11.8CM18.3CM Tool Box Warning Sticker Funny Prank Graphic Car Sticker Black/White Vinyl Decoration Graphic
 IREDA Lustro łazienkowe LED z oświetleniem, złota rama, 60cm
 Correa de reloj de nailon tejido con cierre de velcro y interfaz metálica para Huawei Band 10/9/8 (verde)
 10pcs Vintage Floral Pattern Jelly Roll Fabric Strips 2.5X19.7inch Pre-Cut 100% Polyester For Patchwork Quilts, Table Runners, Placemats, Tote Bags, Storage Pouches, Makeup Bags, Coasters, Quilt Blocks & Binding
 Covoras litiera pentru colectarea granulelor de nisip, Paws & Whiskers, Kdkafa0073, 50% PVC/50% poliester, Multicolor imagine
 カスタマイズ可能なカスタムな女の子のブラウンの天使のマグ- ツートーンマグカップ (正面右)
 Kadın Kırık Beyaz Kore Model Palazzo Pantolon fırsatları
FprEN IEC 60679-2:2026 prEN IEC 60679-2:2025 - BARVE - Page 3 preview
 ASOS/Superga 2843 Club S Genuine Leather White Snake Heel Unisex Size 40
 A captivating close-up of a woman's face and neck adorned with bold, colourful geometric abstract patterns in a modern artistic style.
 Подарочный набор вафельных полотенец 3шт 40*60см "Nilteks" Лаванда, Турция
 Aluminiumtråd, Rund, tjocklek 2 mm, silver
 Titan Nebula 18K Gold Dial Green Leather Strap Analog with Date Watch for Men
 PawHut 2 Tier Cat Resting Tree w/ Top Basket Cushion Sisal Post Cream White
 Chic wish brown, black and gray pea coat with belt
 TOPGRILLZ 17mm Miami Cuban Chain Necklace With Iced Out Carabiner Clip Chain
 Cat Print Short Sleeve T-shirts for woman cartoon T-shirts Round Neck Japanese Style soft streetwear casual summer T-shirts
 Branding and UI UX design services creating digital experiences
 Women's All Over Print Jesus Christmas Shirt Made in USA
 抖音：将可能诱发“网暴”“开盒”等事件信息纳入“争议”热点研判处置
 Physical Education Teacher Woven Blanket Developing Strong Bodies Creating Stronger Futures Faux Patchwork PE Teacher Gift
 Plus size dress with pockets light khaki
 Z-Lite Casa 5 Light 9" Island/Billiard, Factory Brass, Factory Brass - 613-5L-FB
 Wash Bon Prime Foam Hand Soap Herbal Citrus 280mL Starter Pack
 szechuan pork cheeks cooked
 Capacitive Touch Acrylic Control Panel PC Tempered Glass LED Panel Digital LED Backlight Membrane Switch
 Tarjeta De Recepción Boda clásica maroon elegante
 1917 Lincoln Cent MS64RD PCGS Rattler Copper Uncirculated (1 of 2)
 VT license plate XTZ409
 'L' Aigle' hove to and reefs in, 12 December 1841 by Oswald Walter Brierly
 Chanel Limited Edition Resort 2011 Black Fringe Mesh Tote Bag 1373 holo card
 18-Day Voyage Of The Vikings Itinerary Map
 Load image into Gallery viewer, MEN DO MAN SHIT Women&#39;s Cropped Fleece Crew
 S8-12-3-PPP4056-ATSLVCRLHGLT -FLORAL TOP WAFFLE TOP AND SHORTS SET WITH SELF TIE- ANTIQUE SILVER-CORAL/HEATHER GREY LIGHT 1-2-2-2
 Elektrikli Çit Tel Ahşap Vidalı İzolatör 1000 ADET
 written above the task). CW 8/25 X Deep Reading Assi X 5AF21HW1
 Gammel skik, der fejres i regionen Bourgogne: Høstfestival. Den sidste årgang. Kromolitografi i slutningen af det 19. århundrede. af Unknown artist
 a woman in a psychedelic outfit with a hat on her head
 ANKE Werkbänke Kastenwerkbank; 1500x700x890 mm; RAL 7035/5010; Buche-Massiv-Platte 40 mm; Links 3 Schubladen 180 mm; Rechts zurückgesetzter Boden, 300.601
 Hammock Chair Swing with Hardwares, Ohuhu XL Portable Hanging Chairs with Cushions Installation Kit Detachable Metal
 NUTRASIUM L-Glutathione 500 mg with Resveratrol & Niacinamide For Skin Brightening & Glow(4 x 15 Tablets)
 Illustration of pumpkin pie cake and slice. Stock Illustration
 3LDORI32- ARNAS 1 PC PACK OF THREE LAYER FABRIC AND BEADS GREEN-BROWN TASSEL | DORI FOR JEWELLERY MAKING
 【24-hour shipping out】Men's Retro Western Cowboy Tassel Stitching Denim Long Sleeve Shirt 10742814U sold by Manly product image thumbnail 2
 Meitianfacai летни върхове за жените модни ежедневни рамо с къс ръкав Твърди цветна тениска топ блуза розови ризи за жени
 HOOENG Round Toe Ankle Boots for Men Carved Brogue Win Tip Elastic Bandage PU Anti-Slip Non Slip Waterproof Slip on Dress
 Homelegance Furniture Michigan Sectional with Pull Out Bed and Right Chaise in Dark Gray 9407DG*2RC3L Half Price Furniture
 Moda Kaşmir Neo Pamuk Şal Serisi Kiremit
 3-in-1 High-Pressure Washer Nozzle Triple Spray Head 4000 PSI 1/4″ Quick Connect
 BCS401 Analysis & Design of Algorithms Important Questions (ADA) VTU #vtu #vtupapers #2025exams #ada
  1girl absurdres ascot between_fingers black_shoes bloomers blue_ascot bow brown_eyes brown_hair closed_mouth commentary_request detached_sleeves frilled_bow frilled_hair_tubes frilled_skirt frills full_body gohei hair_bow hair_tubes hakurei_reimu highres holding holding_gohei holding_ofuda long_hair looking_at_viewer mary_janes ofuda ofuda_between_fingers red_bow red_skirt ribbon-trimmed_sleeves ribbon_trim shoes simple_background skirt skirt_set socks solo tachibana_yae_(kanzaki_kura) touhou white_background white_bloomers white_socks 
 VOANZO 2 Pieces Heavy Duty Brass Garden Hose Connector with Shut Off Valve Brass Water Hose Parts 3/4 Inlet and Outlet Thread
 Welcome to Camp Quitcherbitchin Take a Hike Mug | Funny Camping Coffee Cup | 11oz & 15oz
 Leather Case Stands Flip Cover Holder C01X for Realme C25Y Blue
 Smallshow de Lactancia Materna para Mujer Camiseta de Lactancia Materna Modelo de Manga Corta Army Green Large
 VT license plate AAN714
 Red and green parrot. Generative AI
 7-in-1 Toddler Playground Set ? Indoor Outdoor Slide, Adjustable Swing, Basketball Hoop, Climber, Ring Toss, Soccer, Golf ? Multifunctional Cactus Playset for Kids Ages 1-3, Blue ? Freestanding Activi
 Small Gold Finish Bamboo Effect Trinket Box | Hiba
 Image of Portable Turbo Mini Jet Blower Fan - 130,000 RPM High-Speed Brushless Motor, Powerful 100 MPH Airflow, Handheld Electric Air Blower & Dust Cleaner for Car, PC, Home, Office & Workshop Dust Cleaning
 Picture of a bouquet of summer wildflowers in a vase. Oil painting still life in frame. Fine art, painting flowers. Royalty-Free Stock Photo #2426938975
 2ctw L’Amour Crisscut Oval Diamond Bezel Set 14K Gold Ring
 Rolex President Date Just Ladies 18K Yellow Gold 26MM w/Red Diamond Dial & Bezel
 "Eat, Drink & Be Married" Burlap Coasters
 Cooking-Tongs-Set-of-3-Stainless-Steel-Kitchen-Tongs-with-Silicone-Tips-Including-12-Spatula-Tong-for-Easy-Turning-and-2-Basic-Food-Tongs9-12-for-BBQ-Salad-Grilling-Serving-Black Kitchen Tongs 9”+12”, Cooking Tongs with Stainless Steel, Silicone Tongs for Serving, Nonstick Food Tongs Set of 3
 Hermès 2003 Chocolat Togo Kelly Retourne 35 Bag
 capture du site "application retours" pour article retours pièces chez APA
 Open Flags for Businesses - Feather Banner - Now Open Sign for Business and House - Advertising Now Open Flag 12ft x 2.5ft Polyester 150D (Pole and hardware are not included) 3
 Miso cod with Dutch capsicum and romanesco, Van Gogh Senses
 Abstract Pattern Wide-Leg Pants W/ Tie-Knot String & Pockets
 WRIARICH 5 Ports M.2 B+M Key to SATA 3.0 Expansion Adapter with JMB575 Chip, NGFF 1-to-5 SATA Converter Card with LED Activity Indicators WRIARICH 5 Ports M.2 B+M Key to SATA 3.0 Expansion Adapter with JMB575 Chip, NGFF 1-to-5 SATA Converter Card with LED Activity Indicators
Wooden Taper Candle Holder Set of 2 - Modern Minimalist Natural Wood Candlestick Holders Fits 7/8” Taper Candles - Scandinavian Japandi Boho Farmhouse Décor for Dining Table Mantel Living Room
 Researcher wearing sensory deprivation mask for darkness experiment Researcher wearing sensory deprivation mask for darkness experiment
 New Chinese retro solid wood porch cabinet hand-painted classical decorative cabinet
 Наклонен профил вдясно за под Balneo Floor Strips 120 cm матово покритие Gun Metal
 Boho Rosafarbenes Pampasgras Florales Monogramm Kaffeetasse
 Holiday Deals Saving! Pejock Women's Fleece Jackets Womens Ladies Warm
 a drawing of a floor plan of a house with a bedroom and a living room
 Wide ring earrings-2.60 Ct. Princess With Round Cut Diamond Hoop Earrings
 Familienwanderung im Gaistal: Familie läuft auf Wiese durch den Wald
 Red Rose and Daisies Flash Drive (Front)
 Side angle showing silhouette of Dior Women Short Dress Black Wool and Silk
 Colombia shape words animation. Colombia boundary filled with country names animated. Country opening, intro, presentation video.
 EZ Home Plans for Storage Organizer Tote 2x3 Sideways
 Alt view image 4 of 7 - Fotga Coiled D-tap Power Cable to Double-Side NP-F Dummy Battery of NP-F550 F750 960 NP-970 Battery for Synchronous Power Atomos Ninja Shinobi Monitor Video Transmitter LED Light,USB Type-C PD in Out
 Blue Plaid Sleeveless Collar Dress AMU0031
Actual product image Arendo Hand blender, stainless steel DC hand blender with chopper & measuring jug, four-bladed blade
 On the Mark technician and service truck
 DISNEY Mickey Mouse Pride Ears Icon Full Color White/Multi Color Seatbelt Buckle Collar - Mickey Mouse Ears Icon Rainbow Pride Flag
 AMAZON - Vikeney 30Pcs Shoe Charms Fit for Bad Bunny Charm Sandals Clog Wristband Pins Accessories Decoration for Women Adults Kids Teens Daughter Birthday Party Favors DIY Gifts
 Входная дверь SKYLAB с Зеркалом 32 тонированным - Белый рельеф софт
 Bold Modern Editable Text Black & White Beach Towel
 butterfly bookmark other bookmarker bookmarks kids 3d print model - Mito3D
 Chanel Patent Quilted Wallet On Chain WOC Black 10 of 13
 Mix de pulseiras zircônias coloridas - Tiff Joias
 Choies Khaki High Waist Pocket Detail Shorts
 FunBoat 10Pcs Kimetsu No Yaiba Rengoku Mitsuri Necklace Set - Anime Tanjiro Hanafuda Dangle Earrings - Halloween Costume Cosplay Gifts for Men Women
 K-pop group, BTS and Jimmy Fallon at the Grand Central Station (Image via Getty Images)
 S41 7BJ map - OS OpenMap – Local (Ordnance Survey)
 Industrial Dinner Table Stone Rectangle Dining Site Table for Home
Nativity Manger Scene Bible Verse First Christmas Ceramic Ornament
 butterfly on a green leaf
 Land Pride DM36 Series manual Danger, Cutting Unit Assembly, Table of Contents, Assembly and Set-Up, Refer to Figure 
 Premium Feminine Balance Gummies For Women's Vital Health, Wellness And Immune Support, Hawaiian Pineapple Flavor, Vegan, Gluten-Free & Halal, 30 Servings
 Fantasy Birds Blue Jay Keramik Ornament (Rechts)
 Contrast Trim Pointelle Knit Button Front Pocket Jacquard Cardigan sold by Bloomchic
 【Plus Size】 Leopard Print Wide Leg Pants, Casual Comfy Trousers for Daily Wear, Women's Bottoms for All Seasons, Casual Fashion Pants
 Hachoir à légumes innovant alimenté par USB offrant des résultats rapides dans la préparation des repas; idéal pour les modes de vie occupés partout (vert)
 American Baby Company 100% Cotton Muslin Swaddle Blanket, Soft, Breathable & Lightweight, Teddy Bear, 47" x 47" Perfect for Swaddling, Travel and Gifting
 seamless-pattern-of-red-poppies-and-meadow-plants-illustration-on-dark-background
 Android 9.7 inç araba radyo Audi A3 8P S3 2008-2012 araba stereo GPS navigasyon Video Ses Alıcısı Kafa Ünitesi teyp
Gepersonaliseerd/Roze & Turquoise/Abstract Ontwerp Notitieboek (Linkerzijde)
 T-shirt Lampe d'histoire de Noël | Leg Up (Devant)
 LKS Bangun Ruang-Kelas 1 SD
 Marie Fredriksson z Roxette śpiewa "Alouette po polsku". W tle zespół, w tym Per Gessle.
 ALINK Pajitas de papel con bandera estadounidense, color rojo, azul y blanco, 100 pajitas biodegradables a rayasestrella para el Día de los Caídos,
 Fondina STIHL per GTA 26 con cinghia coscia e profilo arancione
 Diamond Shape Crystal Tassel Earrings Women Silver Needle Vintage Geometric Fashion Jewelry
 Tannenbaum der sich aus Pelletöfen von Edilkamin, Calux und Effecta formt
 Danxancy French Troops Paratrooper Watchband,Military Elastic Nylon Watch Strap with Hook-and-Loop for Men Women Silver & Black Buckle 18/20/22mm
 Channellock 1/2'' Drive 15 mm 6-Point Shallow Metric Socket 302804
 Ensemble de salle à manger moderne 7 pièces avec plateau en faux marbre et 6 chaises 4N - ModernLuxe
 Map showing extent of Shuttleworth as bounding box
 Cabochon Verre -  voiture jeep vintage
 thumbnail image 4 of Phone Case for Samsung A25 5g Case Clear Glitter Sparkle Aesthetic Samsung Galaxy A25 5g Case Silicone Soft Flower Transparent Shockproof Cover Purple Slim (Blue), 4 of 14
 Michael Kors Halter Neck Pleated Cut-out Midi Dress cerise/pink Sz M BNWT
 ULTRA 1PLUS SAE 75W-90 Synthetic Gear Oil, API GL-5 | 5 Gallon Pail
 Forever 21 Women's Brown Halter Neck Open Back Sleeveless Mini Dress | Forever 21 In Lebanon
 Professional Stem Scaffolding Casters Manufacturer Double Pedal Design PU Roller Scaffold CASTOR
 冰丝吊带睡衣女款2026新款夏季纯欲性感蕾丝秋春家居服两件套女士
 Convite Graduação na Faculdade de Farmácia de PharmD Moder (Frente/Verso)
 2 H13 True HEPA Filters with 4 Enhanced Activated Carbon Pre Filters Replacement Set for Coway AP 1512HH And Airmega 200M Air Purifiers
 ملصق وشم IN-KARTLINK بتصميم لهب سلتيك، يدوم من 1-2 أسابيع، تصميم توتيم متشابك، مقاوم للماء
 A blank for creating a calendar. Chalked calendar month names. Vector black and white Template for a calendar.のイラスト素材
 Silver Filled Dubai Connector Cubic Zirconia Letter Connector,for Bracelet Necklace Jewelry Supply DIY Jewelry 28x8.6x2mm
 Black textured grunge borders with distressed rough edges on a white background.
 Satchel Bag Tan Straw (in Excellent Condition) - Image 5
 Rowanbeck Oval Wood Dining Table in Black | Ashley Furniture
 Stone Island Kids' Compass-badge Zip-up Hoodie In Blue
#####
* **EXERCISE DESCRIPTION**: Return only the lines above that run from the opening line through the line containing "A captivating close-up", exactly as written.

* **EXPECTED ANSWER**:
11.8CM18.3CM Tool Box Warning Sticker Funny Prank Graphic Car Sticker Black/White Vinyl Decoration Graphic
 IREDA Lustro łazienkowe LED z oświetleniem, złota rama, 60cm
 Correa de reloj de nailon tejido con cierre de velcro y interfaz metálica para Huawei Band 10/9/8 (verde)
 10pcs Vintage Floral Pattern Jelly Roll Fabric Strips 2.5X19.7inch Pre-Cut 100% Polyester For Patchwork Quilts, Table Runners, Placemats, Tote Bags, Storage Pouches, Makeup Bags, Coasters, Quilt Blocks & Binding
 Covoras litiera pentru colectarea granulelor de nisip, Paws & Whiskers, Kdkafa0073, 50% PVC/50% poliester, Multicolor imagine
 カスタマイズ可能なカスタムな女の子のブラウンの天使のマグ- ツートーンマグカップ (正面右)
 Kadın Kırık Beyaz Kore Model Palazzo Pantolon fırsatları
FprEN IEC 60679-2:2026 prEN IEC 60679-2:2025 - BARVE - Page 3 preview
 ASOS/Superga 2843 Club S Genuine Leather White Snake Heel Unisex Size 40
 A captivating close-up of a woman's face and neck adorned with bold, colourful geometric abstract patterns in a modern artistic style.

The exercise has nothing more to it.